The work that started at the end of the third quarter of last year is expected to be completed by the end of 2018, a development that is welcomed by the emirate’s motorists.

“Road and Infrastructure Department is working on developing and establishing roads in various areas in the emirate according to the annual plan for 2017,” said Eng Mohammed Ahmed Al Mheiri, chief of technical affairs at Ajman Municipality.

“The project includes 26 kilometres of internal roads in Al Nuaimia area and a network of rainwater drainage. The project will cost Dh96m,” said Mr Al Mheiri.

Motorists and residents said the upgrade is needed, especially as winter rainfall on the undeveloped roads brings many problems.

Ismail Al Zarooni, an Emirati investor from Sharjah, said that he sold off a two-storey property in the area because people refused to rent there because the roads were so poor.

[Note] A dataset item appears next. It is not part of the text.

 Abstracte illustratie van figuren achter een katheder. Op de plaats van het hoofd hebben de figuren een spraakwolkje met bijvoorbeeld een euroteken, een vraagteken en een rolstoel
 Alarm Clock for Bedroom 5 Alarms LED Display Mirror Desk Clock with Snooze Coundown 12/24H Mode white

“I heard five years ago that the roads would be upgraded. When I saw nothing was happened, I sold the building. Residents refused to stay because of the upaved roads and rainfall that clogged the streets. Shops in the ground floor of the building would flood,” the 26-year-old said.

Ezzat El Sayed, an accountant from Egypt, lived in the area for 10 years before moving elsewhere in the emirate.

“Ten years ago, the roads were worse than today, but they are still bad, especially in winter,” the 42-year-old said.

“The rainfall causes big potholes where water gathers, and vehicles are damaged because to these holes. The underside of my little car was damaged because of the roads.”

Ameen Ali, 50, from Egypt, moved to Dubai because he was fed up with the state of the roads.

“Twenty years and the streets of the area are still same. They are not good and paved,” the building contractor said.

“The area becomes bad in summer and winter. In summer, because the streets are unpaved, too much sand and dust gets into houses and dirties up the cars. In winter, the water collects in pools and mud makes driving so hard,” he said.

Mohammed Saeed, a Palestinian resident, said that he sold his small car and bought a 4x4 vehicle to cope with the roads.

“Because the roads are so bad, the underside of my last car was damaged. I could not move to another area, so I decided to buy a 4x4 car,” the 57-year-old said.

“I hope the development of the roads in the area will be finished quickly. When that’s done, our problems are over.”